DataScrub Tutorial

A complete guide to cleaning, transforming, and importing data in Excel with DataScrub's 55+ tools.

1. Getting Started

Installation

How to install DataScrub:

  1. Download the DataScrub64-packed.xll file
  2. Double-click the file — Excel will open and load the add-in
  3. Look for the DATA SCRUB tab in the Excel ribbon
Tip: To make DataScrub load automatically every time you open Excel, go to File > Options > Add-ins > set Manage to Excel Add-ins > click Go > click Browse and select the .xll file.

The Ribbon

Once installed, you'll see a DATA SCRUB tab in your Excel ribbon. All 55+ tools are organized into groups:

DataScrub ribbon tab showing all tool groups
The DATA SCRUB ribbon tab with tools organized by category: Undo, Scan, Text, Numbers, Dates, Cleanup, Contacts, Import, and License.
Ribbon GroupWhat It DoesKey Tools
UndoReverse any DataScrub operationUndo
ScanDiagnose data quality issuesHealth Scan
TextClean and transform text valuesTrim Spaces, Strip Chars, Change Case, Add Text, Split, Join, Rearrange, Parse, Create, Count
NumbersFix and format numeric dataInsert, Quick Calc, Analyze, Transform, Convert, Calculate, Smart Fix
DatesParse and standardize datesExtract, Text → Date
CleanupRemove unwanted dataRemove Chars, Dedup, Clean HTML, Values, Remove Blanks, Unmerge, Fill, Find, Replace+
ContactsFormat contact informationSmart Fill, Standardize, Validate Emails, Format Phones, Split Names, Split Address, Normalize Country, Clean URLs
ImportBring in external dataImport (CSV, PDF, Word)

Basic Workflow

Every DataScrub tool follows the same simple pattern:

The 3-step workflow:

  1. Select the cells or columns you want to clean
  2. Click the tool you want from the DATA SCRUB ribbon
  3. Done — your data is cleaned in place. Use Undo if you need to revert.
Tip: You can select entire columns by clicking the column header (A, B, C...). DataScrub will process all non-empty cells in the selection.

2. Data Health Scan

The Health Scan is the best place to start with any new dataset. It analyzes your entire selection and reports every quality issue it finds — extra spaces, text-formatted numbers, formula errors, blanks, duplicates, and hidden characters — all in one pass.
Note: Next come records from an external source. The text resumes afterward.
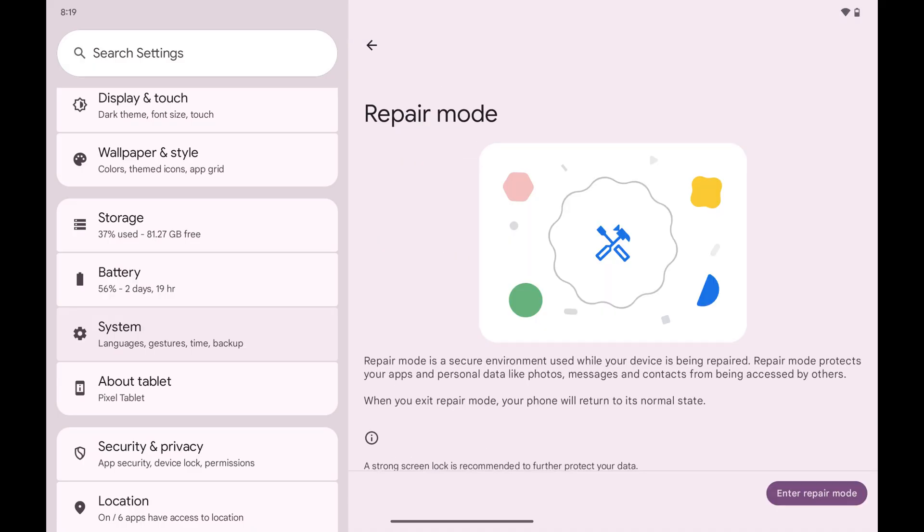The next screen gives you an overview of Android's Repair Mode, letting you know that Repair Mode is a secure environment that protects your apps and personal data from being accessed by others. Step 3. Tap Enter Repair Mode. Your Android device will restart and boot up in Repair Mode.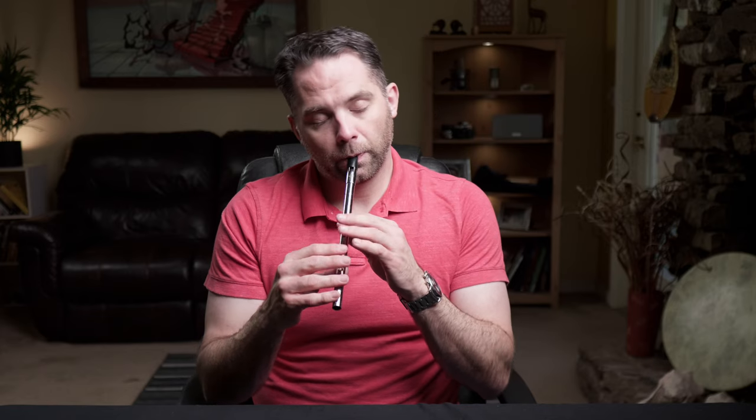The first note stays on that high D. You may have noticed when I was playing I was doing Cranns — that can be a little tricky at first, but it's one of those that I think will just sort of fall out of the instrument if you try it a little bit. Otherwise, a simple cut on that D works just fine.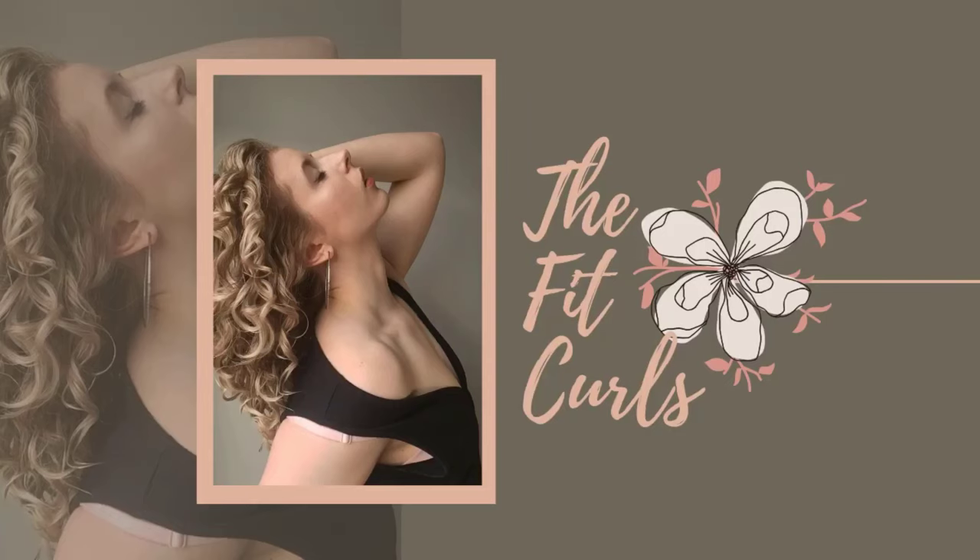Hello everybody, welcome back to the Fit Curls. My name is Angela, I am a fitness professional and a curl enthusiast, and I spend my time on this channel talking about all the ways to keep your curls in shape. Today it's first impressions time — I'm going to be giving you my first impressions of the Lust brand's three-step curling hair system. A huge thank you to Lust for gifting me these products.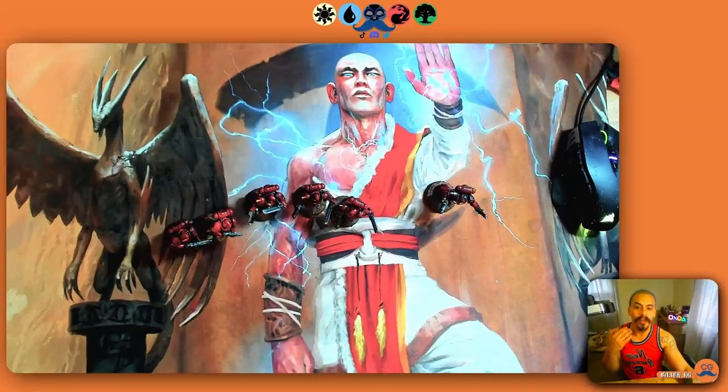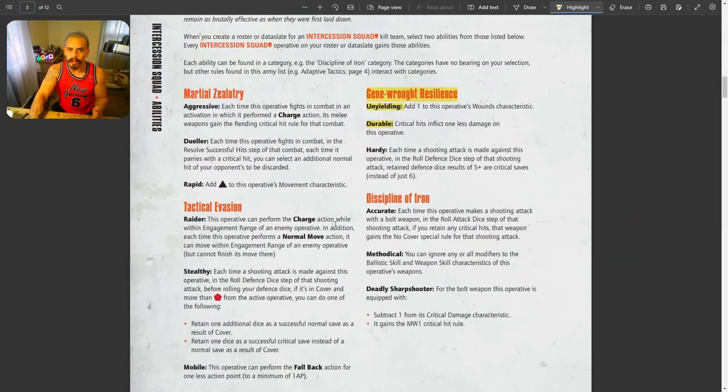On top of all of that, your Assault Intercessors have a built-in save: I have to roll a dice to avoid taking damage, and I only need to roll a three. That's a 50% chance of blocking a wound — on top of all the defensive buffs this team already has. This team just walks forward. As long as you can roll average, your models will essentially never be removed from the board.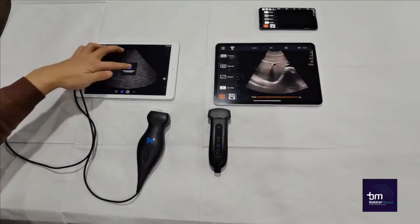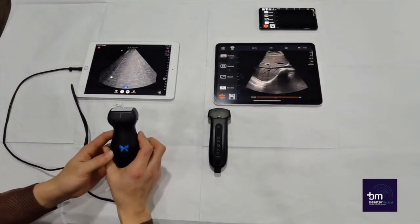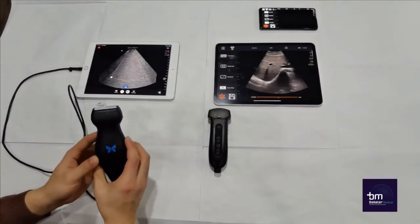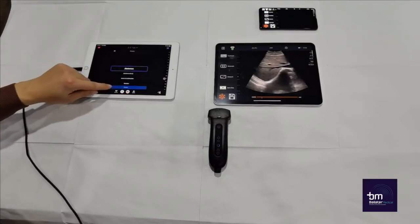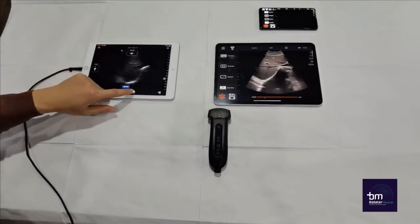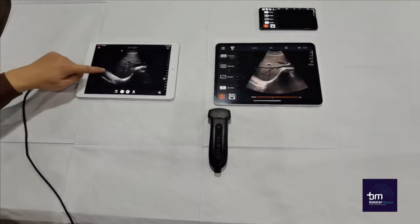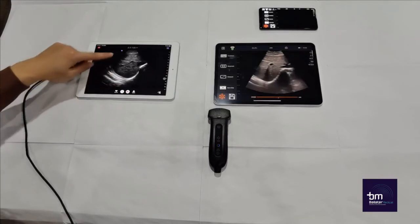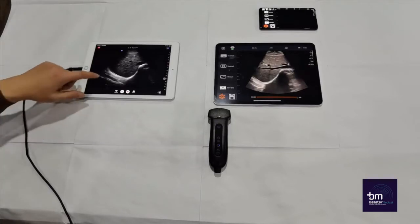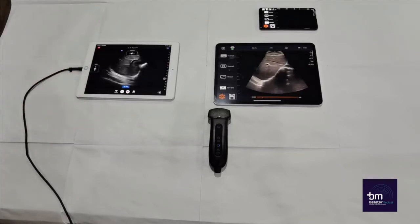Now we will compare the image quality and abilities of the two devices. First is the Butterfly IQ. You can see that the preset is abdomen and the mode is B mode. You can also see that you can only change the depth, the TGC and the gain. You therefore don't have a lot of choices in order to optimise your own presets, as all the settings are limited within certain parameters.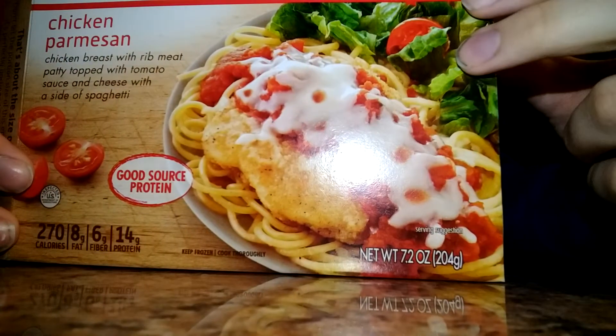Good God, how long has it been? It's time for a NutraSystem food review, and for dinner tonight, chicken parmesan.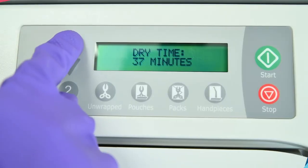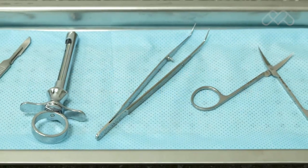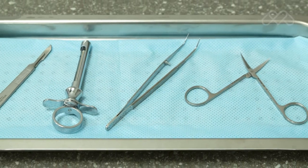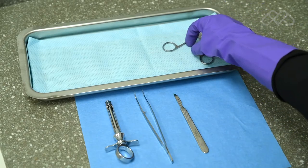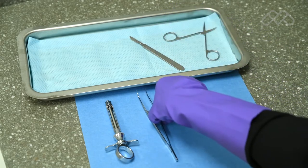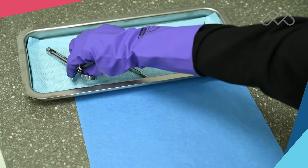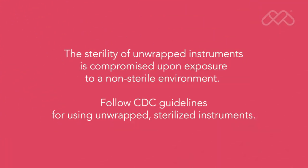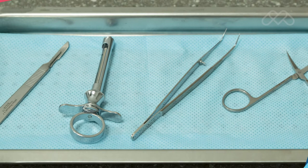Additional dry time may be required. M9 and M11 steam sterilizers are capable of sterilizing unwrapped instruments for immediate use. Place a surgical cotton towel, paper tray liner, or a folded CSR wrap in the bottom of the tray. Arrange the unwrapped items on the towel so they do not touch one another. The sterility of unwrapped instruments is compromised upon exposure to a non-sterile environment. Follow CDC guidelines for using unwrapped, sterilized instruments.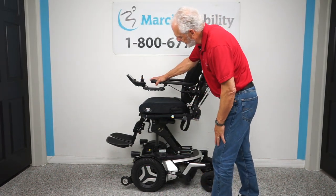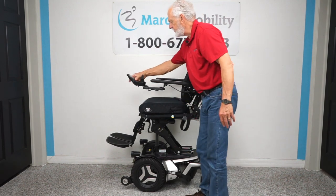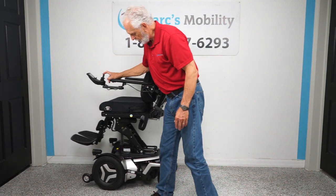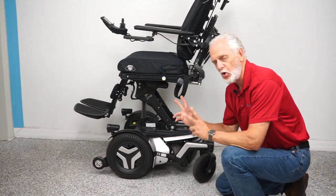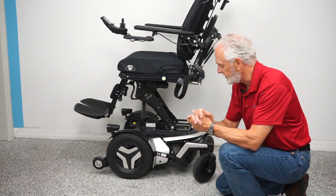Now we are elevated all the way to the top. The nice thing about this chair is it will still drive with the seat elevated at a really good speed. While we have the seat elevated, let's look at the base. You can see how sharp this is. This is a Permobil — the highest quality power chair you can buy in the industry.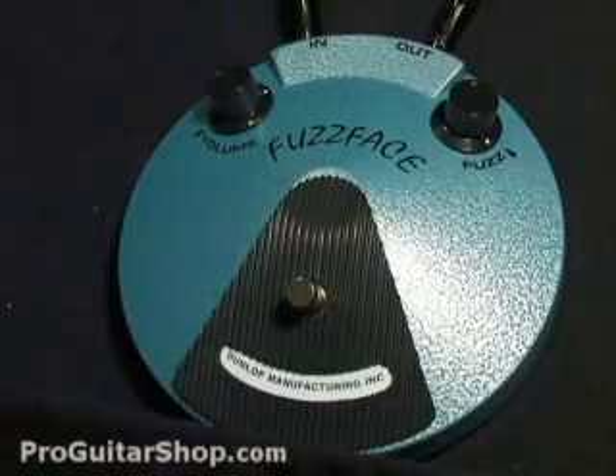The volume knob gives you plenty of boost. Right about now I have it set at unity gain, but there's still room to grow. Here we go.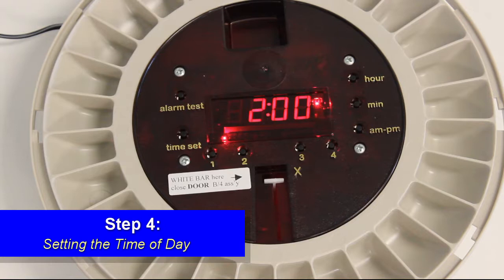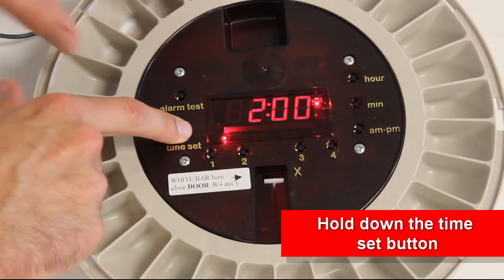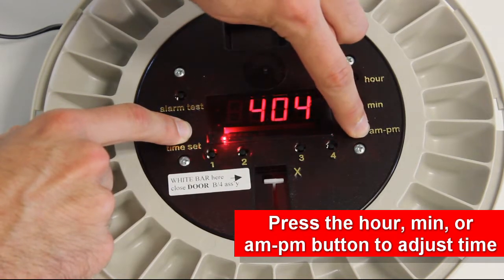Step 4: Setting the time of day. Hold down the time set button and simultaneously press the hour, minute, or the AM/PM button to change the time of day.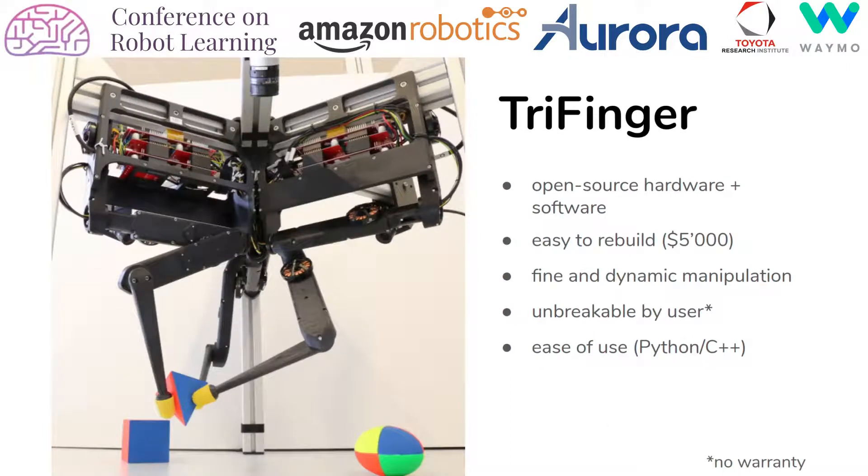For this reason, we developed a novel robotic platform called Trifinger. Both hardware and software are open source and it is designed such that it can easily be rebuilt. The shells are 3D printed and the other components such as the motors and the electronics are available off the shelf. The total cost of the hardware amounts to about $5,000. It is capable of fine manipulation as well as dynamic motion. The hardware and software design are such that it is essentially unbreakable by the user. We also took great care in providing ease of use in our C++ and Python interfaces.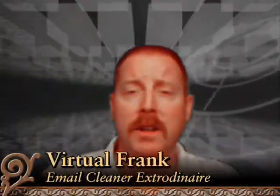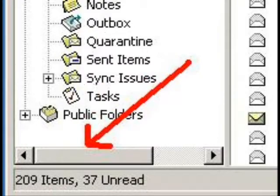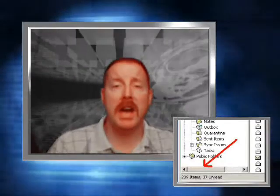Hey everyone, Virtual Frank here. Glad you get the chance to see me today. I'll be showing you how to clean up that pesky Outlook. Some of you are probably asking, does my Outlook even need cleaning? Yes, of course it does. Here's the visual tip: look to the bottom left of Outlook — see those numbers? That means it's time to clean it out.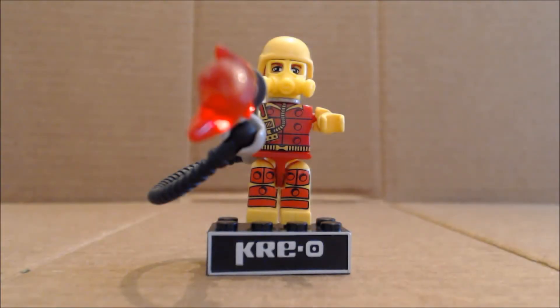Hi everybody, it's your old pal Chuck, and I'm back once again with another GI Joe Creo review. Today, from the Wave 2 Blind Bag series, we're taking a look at Blow Torch.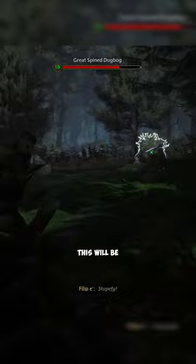The last ingredient is Dogbog Tongue. This will be a challenge as you'll need to kill a Dogbog to collect its tongue. Here on the map is where you'll find one.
Data Health Scan dialog showing scan results with issue categories, counts, severity, and descriptions
The Data Health Scan analyzed 8.1 million cells and found 5.5 million issues. Health score: 32%. Each issue category shows count, severity, and description.

How to Run a Health Scan

Steps:

  1. Select the data range you want to scan (or press Ctrl+A to select all)
  2. Click Health Scan on the DATA SCRUB ribbon tab
  3. The scan runs and displays a results dialog with your data's health score

Understanding the Results

The Health Scan reports a Health Score (0–100%) based on how many issues it finds relative to your total cell count. Each issue is categorized with a severity level:

Issue CategorySeverityWhat It Means
Extra SpacesMediumLeading, trailing, or multiple consecutive spaces in text. These cause lookup failures and mismatched joins. Click to fix with Trim Spaces.
Text-Formatted NumbersHighNumbers stored as text (left-aligned, green triangle). SUM, VLOOKUP, and other formulas will silently skip these cells. Click to fix with Values or Smart Fix.
Formula ErrorsHigh#REF!, #VALUE!, #N/A, #DIV/0!, and other error values. Review and fix the source formulas, or use Smart Fix to replace errors with blanks or zeros.
Empty CellsLowBlank cells in your selection. Use Remove Blanks to delete blank rows, or Fill to fill gaps with the value above.
Duplicate ValuesMediumRepeated values (excluding the first occurrence). Use Dedup to highlight or remove duplicates.
Hidden CharactersHighNon-printable characters, non-breaking spaces, zero-width characters. Invisible but break lookups and matching. Click to fix with Strip Chars or Clean HTML.

Fixing Issues

After reviewing the scan results, you have two options:

Tip: Run the Health Scan again after fixing issues to verify your data quality improved. Aim for a score of 90% or higher before using data in reports or analysis.
Note: The Health Scan is read-only until you click "Fix Selected". Simply running the scan does not modify your data.

3. Text Cleaning

The Text group is the largest set of tools in DataScrub. These tools clean, transform, split, and restructure text data without formulas.

Trim Spaces

Removes leading spaces, trailing spaces, and reduces multiple consecutive spaces to a single space. This is the #1 most common data quality issue — invisible spaces that break VLOOKUP, MATCH, and pivot table groupings.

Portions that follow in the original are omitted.